Как же она любит сбивать его с прямой дорожки и затягивать в хаос. Он заставил себя сконцентрироваться на том, что хотел рассказать.
— Я был лучшим легкоатлетом в школе, руководил переговорной командой, играл на саксофоне и организовал ремонтные работы в доме престарелых после того, как его разрушил ураган.
— И встречался с лучшей чирлидершей? — Точная догадка, но он не собирался подтверждать ее.
— По выходным я работал в офисе отца и помогал с контрактами по передаче прав собственности. Ты не имеешь права пропустить хоть одну запятую в них. Два года подряд меня выбирали лучшим учеником. Моя жизнь была безупречной, насколько вообще возможно, меня ожидало блестящее будущее.
Он сглотнул, приближаясь к самой сложной части.
— А потом у матери случилась интрижка. Она разбила сердце отца и оставила меня с клубком слухов, как раз когда я заканчивал старшую школу.
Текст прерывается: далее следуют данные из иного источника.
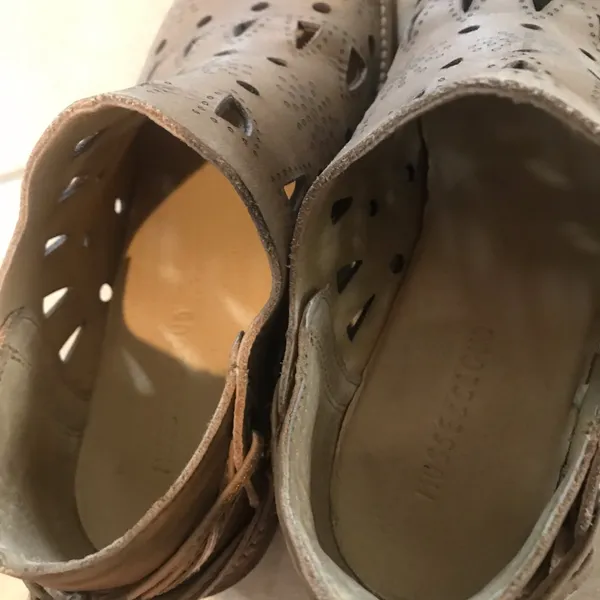 Shoes - Image 3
Отец едва не потерял бизнес, а мне пришлось отказаться от всех дополнительных занятий, чтобы помогать ему.
Имоджен перестала улыбаться и с сочувствием посмотрела на него.
— Болезнь?
— Алкоголь.
— Мне так жаль.
Ему не нужна ее жалость, это не терапевтическая сессия. Он просто объясняет.
— Оценки ухудшились, меня дважды выгоняли из школы за драки. Я ненавижу сплетни и желтую прессу, Имоджен. И еще больше ненавижу разбираться с последствиями. Чтобы этого не случилось, я предпочитаю контролировать себя и все вокруг.
— Я заметила это. Ты никому не раскрываешь карты, что позволяет тебе всегда быть впереди на один ход.